The Iron Lady (2011)

Rating: B+

Dir: Phyllida Lloyd
Star: Meryl Streep, Jim Broadbent, Alexandra Roach, Olivia Colman

The furore earlier this year surrounding Margaret Thatcher, and her death, reminds us that there hasn’t been a more divisive person in British politics, certainly in my lifetime. Some revere her; others loathed Thatcher with a venom it’s hard to comprehend. Me, I’m kinda in the middle: she was the kind of strong leader the country had needed in the late seventies, when the pendulum had swung too far one way, but certainly overstayed her welcome by the end, alienating just about every one in the country. This film does a very good job of portraying that ambivalence. It starts at the end, with Margaret amiably chatting to her husband, Denis (Broadbent), even though he had died many years previously, showing her decline into dementia, a result of Alzheimer’s.

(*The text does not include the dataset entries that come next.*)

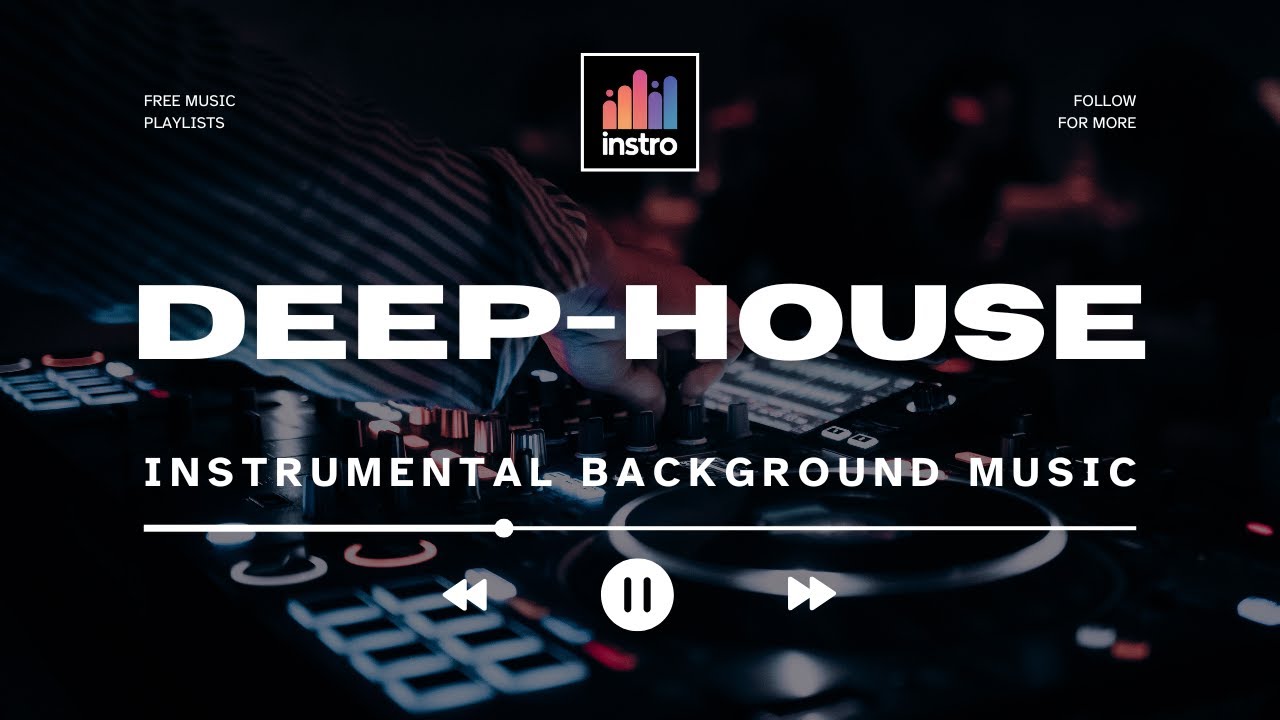 Instrumental Deep House Music 🎶 #45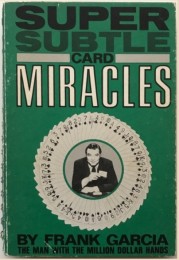 Super Subtle Card Miracles by Frank Garcia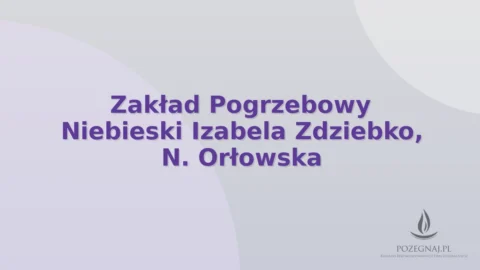 Zakład Pogrzebowy Niebieski Izabela Zdziebko, N. Orłowska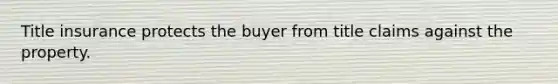 Title insurance protects the buyer from title claims against the property.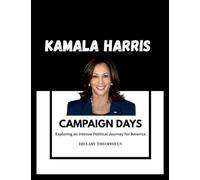 Kamala Harris's Campaign Days: Exploring an Intense Political Journey for America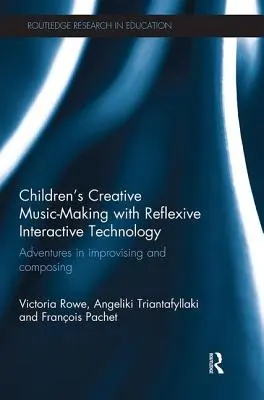 Dětské kreativní muzicírování s reflexivní interaktivní technologií: Dobrodružství při improvizaci a komponování - Children's Creative Music-Making with Reflexive Interactive Technology: Adventures in Improvising and Composing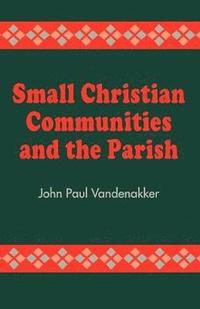 bokomslag Small Christian Communities and the Parish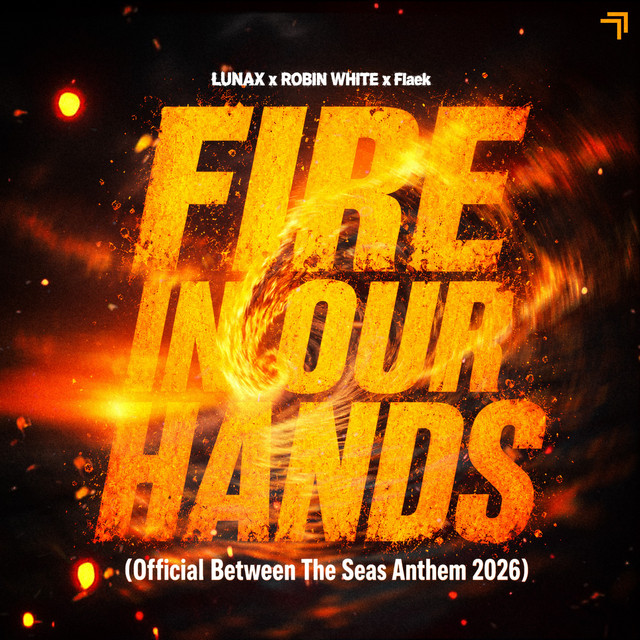 Fire in Our Hands (Official Between the Seas Anthem 2026)
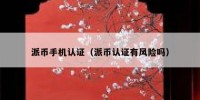 派币手机认证（派币认证有风险吗）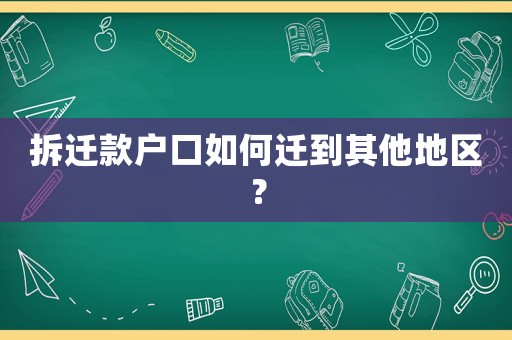 拆遷款戶口如何遷到其他地區(qū)？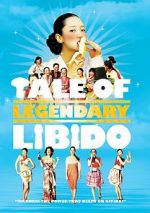Watch A Tale of Legendary Libido Primewire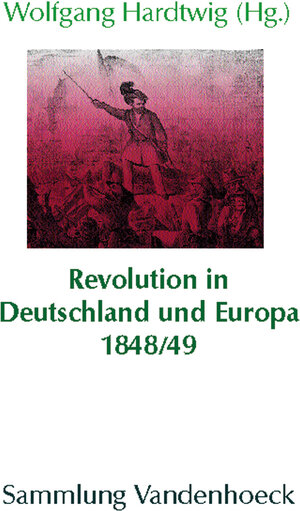 Buchcover Revolution in Deutschland und Europa 1848/49  | EAN 9783525013687 | ISBN 3-525-01368-X | ISBN 978-3-525-01368-7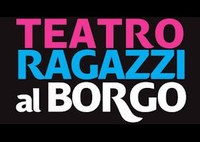 Teatro Ragazzi al Borgo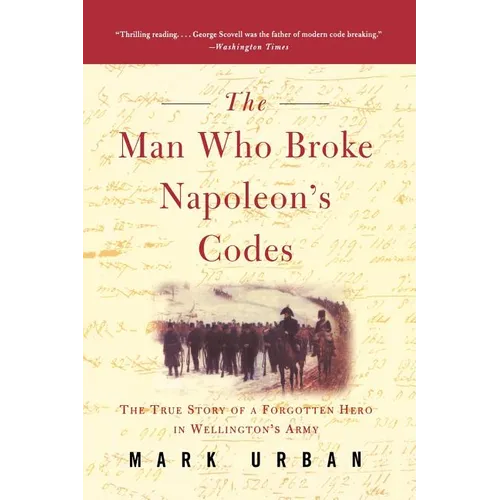 The Man Who Broke Napoleon's Codes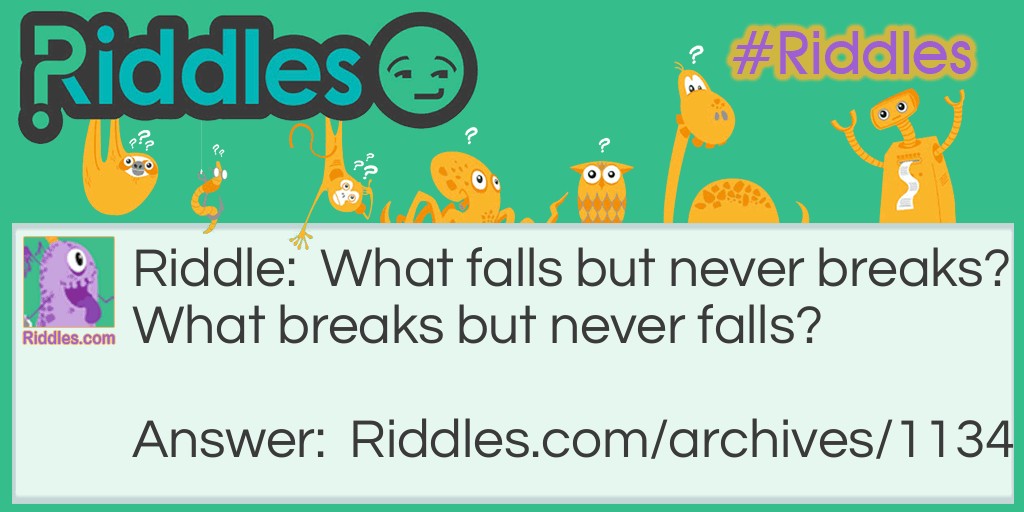 What falls but never breaks? Riddle Meme.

It’s an odd way to set a tone, leaving the viewer wondering how she could have ever been the most powerful woman in the world. Rather more successful are the flashbacks to her as a young adult (Roach), inspired by her father to go into politics, but finding that path a harsh one for her sex. You probably do need some knowledge of British history to piece together the fragments, as there’s not much in the way of a coherent timeline. But the acting is so damn good, it’s entirely gripping, regardless of any flaws it may have for non-British viewers, though it is occasionally fast and loose with the facts, to no real purpose, e.g. Thatcher wasn’t anywhere around when Airey Neave was assassinated.

As someone whose formative years were basically Thatcher’s era – her time as Prime Minister ran from when I was 13, through to 24 – it generated a flood of memories, good and bad. While the makers have been criticized for not taking a stronger position, for or against their subject, I’d be a lot less interested in a portrayal of Thatcher which demonized or sanctified her. Instead, this treads a difficult line with much skill and ends up as a humanizing portrait, thanks largely to a spooky performance from Streep. It reminds us that, beneath all the history, she was a real person with actual emotions – difficult though some of her critics might find that to believe!